■ What you need to do
Return the following lines and nothing else: the one holding "this 1200×800 image." and all those after it in the records below, unchanged, minus any pictures.

Dataset entries:

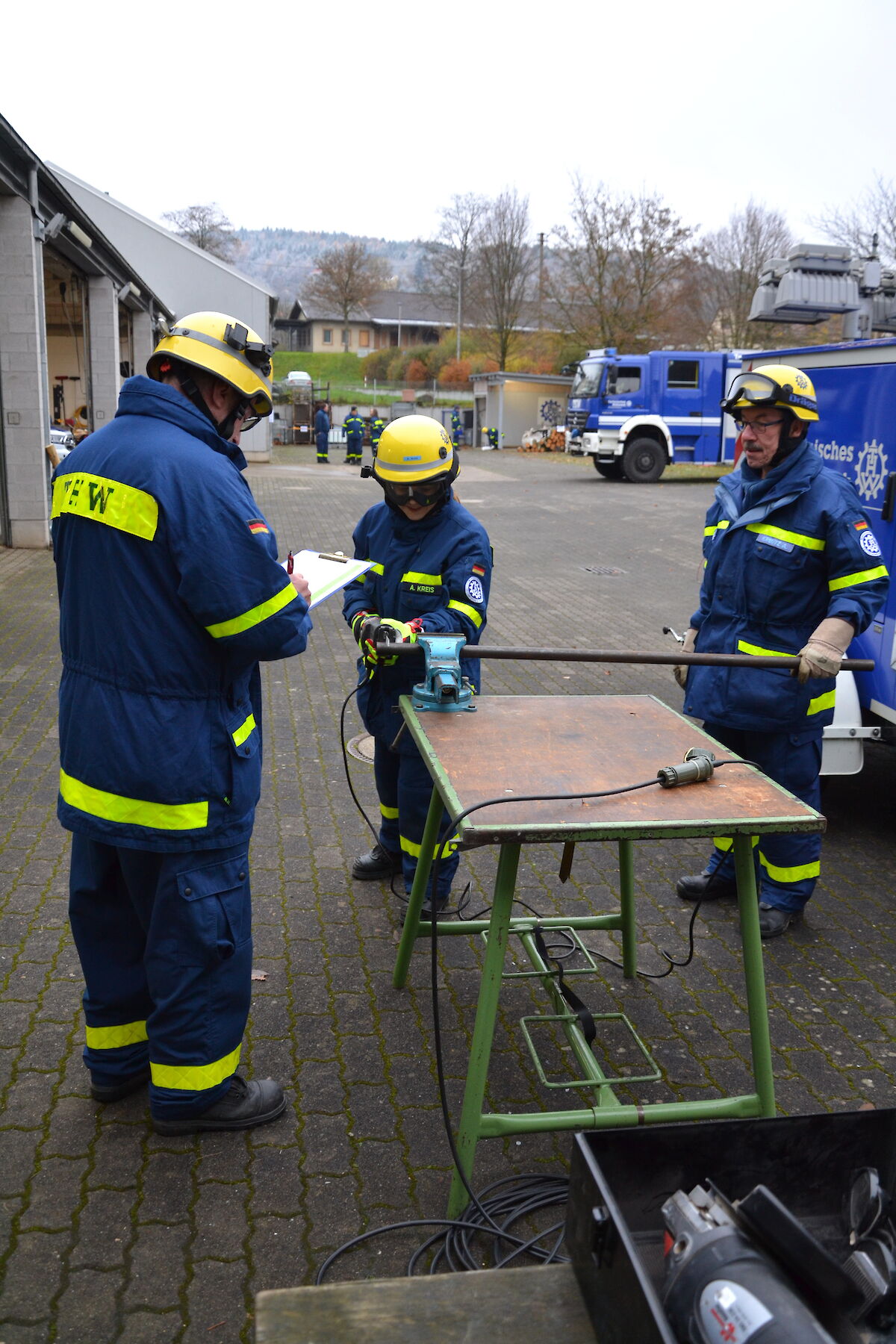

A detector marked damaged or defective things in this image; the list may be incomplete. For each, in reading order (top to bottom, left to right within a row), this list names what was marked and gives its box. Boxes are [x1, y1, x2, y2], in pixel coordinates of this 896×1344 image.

rusty steel rod [387, 642, 876, 669]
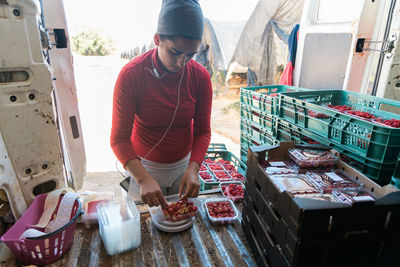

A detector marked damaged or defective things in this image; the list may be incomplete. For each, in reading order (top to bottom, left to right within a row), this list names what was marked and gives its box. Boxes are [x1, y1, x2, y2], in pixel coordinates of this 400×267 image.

rusty metal surface [2, 193, 256, 267]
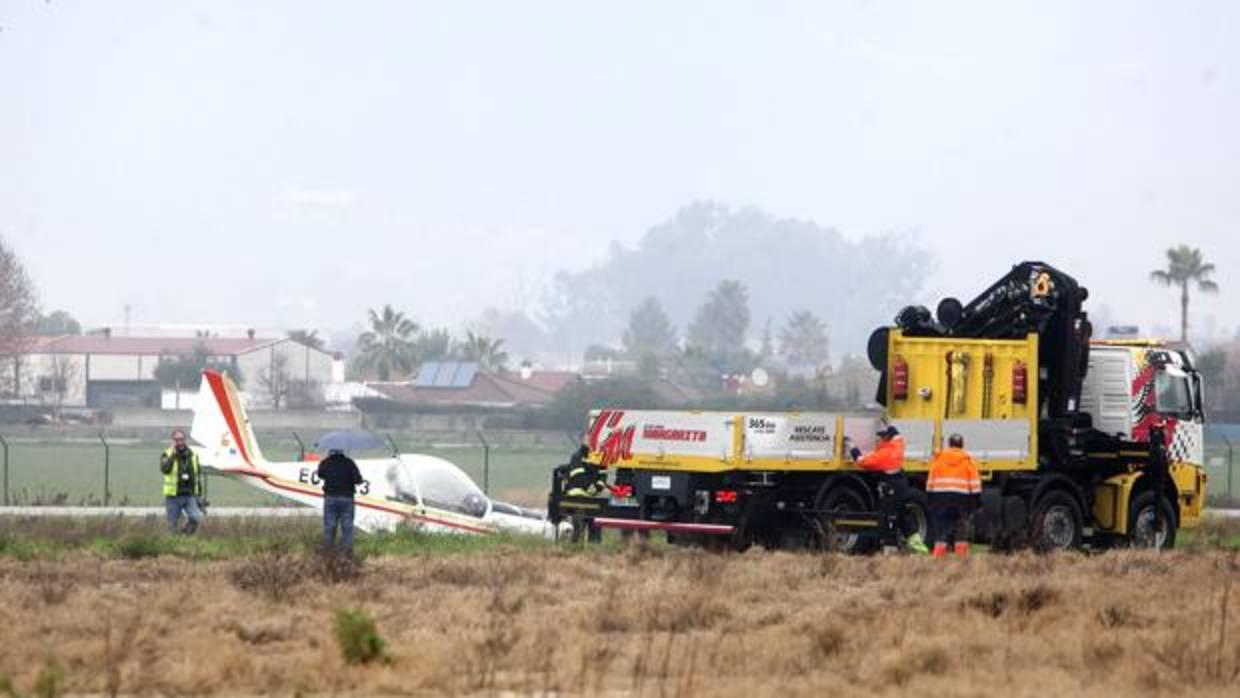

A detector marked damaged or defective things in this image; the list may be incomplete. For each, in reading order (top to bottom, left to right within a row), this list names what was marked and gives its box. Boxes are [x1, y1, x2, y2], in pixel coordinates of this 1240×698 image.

crashed ultralight aircraft [190, 368, 556, 536]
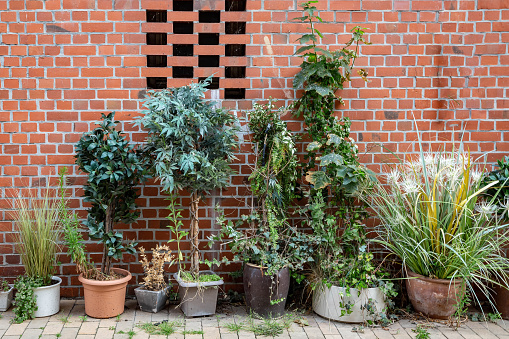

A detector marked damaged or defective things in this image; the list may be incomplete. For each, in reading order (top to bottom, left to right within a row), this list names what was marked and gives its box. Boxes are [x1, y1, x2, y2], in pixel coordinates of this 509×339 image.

rusty metal pot [404, 270, 464, 320]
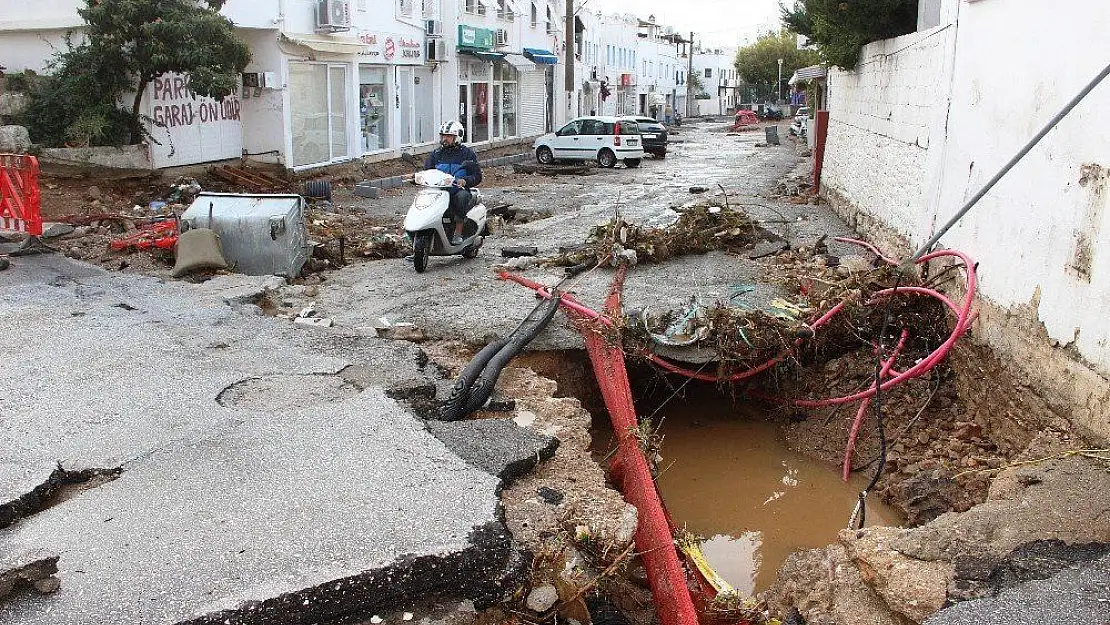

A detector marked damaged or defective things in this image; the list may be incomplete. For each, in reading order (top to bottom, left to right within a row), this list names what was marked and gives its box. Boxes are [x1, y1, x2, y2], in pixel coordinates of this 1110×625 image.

broken concrete [428, 416, 560, 486]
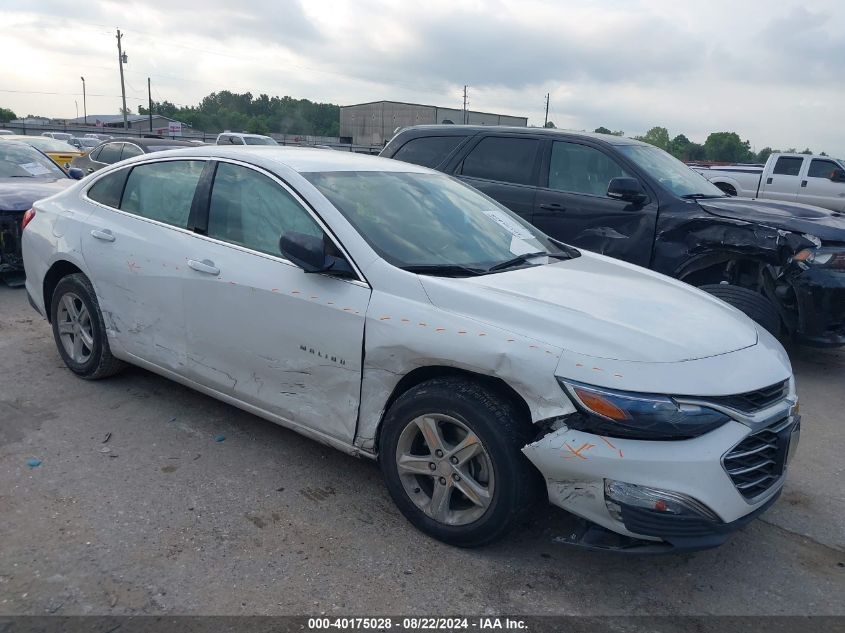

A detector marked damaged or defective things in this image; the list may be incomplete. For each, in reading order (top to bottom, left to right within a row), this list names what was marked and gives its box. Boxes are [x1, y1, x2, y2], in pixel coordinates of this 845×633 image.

damaged gray car [380, 127, 844, 346]
car with exposed engine [382, 126, 844, 348]
car with exposed engine [24, 146, 804, 552]
crumpled front bumper [520, 412, 796, 552]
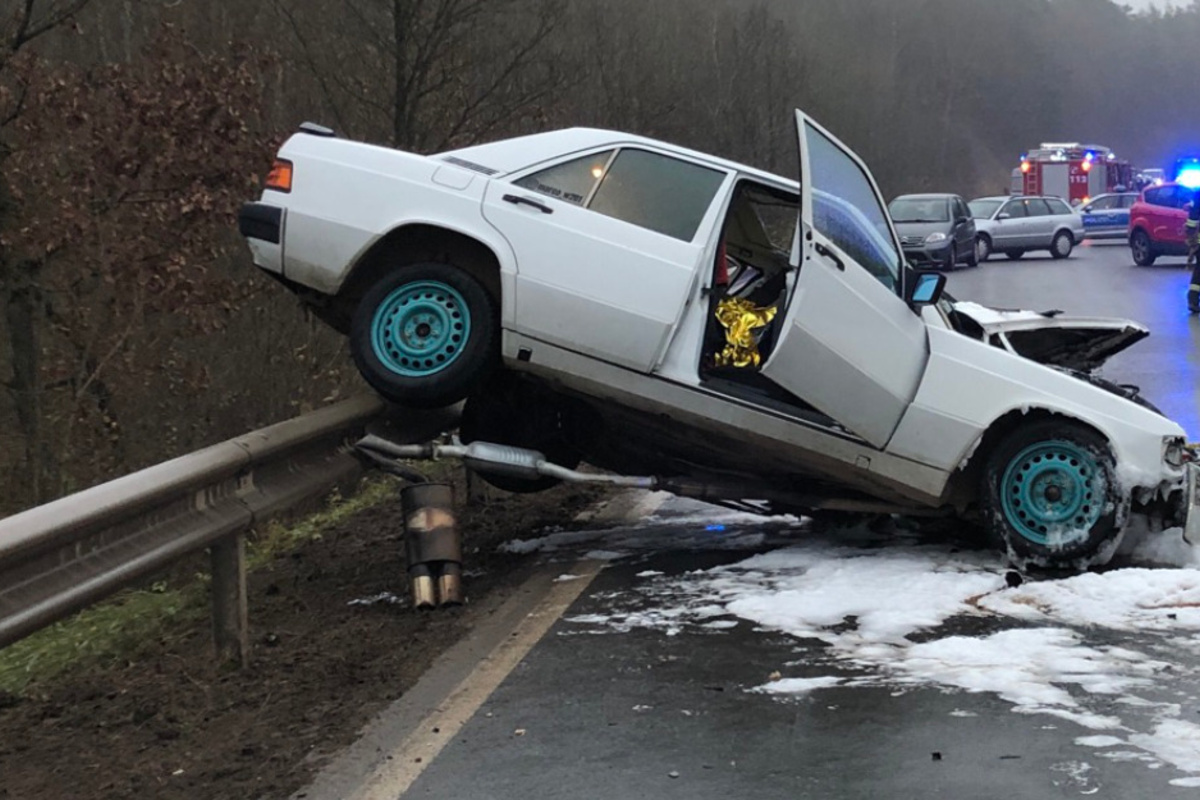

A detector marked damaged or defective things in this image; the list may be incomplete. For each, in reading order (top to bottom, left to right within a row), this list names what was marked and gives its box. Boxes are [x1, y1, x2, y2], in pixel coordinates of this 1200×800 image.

crashed white car [238, 115, 1195, 573]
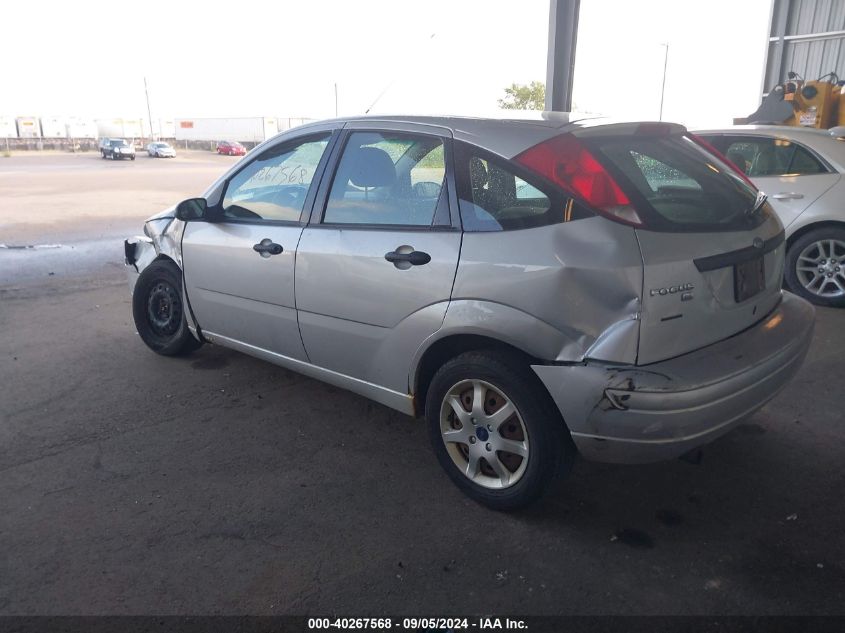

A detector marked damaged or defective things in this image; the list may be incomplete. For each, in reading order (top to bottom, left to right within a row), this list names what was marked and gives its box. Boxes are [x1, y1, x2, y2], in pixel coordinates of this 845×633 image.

crumpled front quarter panel [448, 217, 640, 362]
damaged rear bumper [532, 292, 816, 464]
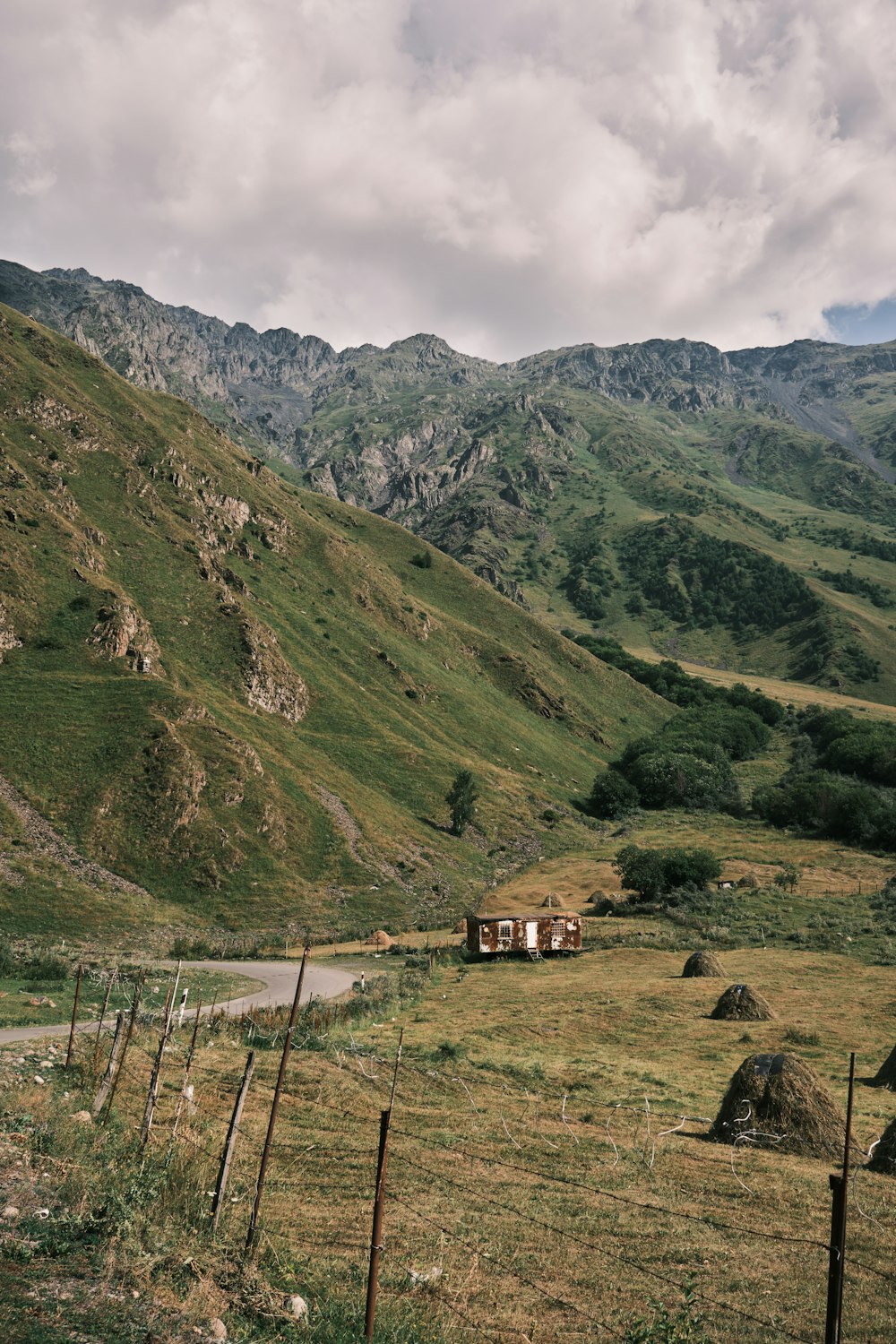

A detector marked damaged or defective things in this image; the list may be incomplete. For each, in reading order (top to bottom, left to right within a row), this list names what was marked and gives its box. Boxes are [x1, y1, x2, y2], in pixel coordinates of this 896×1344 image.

■ Answer to the exercise
A detector marked damaged or defective things in this image; the list may be incomplete. For each, in reading order (top to bottom, left to right within a row), this list names what was marked and gives its box. Boxes are [x1, y1, x2, y2], in pixel coordinates of this 1200×800 image.

crashed white car [238, 115, 1195, 573]

A detector marked damaged or defective things in this image; the list may be incomplete. For each, in reading order (top to bottom, left to right within a row), this list names what was marked and gives its box. Boxes are [x1, y1, x2, y2], in pixel coordinates of this 845×633 image.

crumpled front quarter panel [448, 217, 640, 362]
damaged rear bumper [532, 292, 816, 464]

A detector marked damaged or defective things in this image; the list may be incomplete. For each, in reading order (top to bottom, left to right within a row), this list names what was marked and gives its box. Boxes are [x1, y1, x2, y2], in pixel coordinates of this 896×1344 image.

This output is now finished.